Между тем улица имела отнюдь не литературный, а отчаянно торговый вид: она шумела, ругалась, жульничала и хватала прохожих за рукава. Вот как описывал ее примерно в это время неизвестный нам автор: «Первый предмет, поражающий мае на этой улице, есть необыкновенное множество каретных и дрожечных лавок. Наблюдая далее за Покровкой, вы удивляетесь множеству пекарней, хлебных выставок и овощных лавок. Проезжая мимо, вы беспрестанно слышите, как бородатый мужик, хлопая по калачу, как паяц по тамбурину, кричит вам: «Ситны, ситны, калачи горячи!» Кроме того, перед вами мелькают замысловатые вывески, на которых написан чайный ящик и сахарная голова с надписью: «Овощная торговля иностранных и русских товаров». А потом вы видите вдруг пять или шесть белых кружков на синей вывеске, а наверху надпись бог знает какими буквами: «Колашня». Портного ли вам нужно? Есть портной, и даже не один. Модистку ли вы хотите иметь? Вот вам несколько вывесок с чем-то очень похожим на шляпку. Нужна ли вам кондитерская? Добро пожаловать! Спрашиваете ли вы типографию? Извольте! Наконец, вот вам декатиссер, который выводит всех возможных родов пятна, даже пятна на лице».

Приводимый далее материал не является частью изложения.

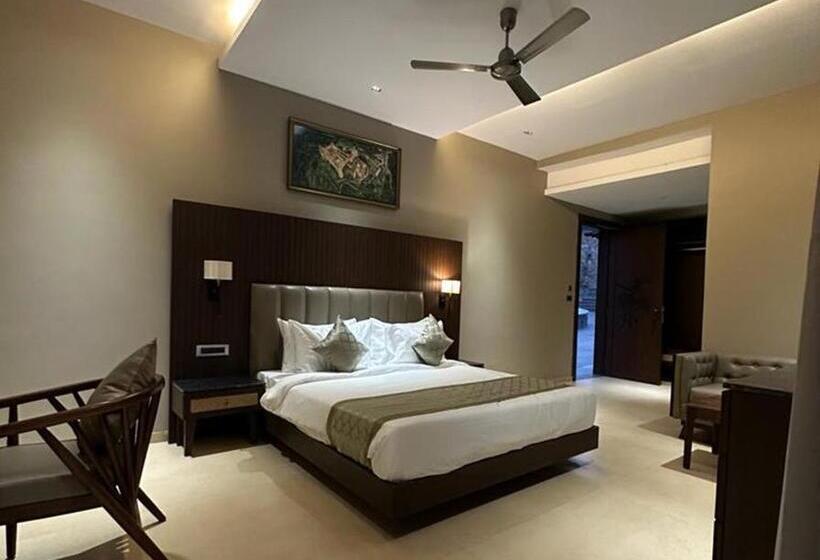 غرفة قياسية مطلّة علي حمام السباحة, Sajjan Bagh Resort Kumbhalgarh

— Вот! Вот наши окна! Да вот же они!
Посреди шума и гама бойкой улицы стоял чудесный лазоревый дворец изысканной, нездешней барочной красоты. Невероятный фасад был столь смело и прихотливо оформлен своевольными изогнутыми линиями, выпуклостями и богатейшим декором, что смотрелся дерзким вызовом, брошенным старой Москве всеми, к нему причастными, — теми, кто его заказывал, строил, перестраивал и, тем более, теми, кто в нем жил. Глядя на такое чудо, легко понять не только высокие помыслы, но и экстравагантные выходки его обитателей, даже ту, которой «прославился» брат княжны Александры Трубецкой Николай Иванович (тоже, кстати, воспитанник Погодина). В знак протеста против казни декабристов он принял католичество и уехал во Францию. Там он пытался найти свое место в герценовском окружении, но заслужил лишь ироническое отношение Александра Ивановича и репутацию не очень умного человека. К. С. Аксаков изобразил его в сатирической пьесе «Князь Луповицкий, или Приезд в деревню», а Н. А. Некрасов написал о нем:
Я однажды смеялся до колик,Слыша, как князь NN говорил:«Я, душа моя, славянофил».— «А религия Ваша?» — «Католик».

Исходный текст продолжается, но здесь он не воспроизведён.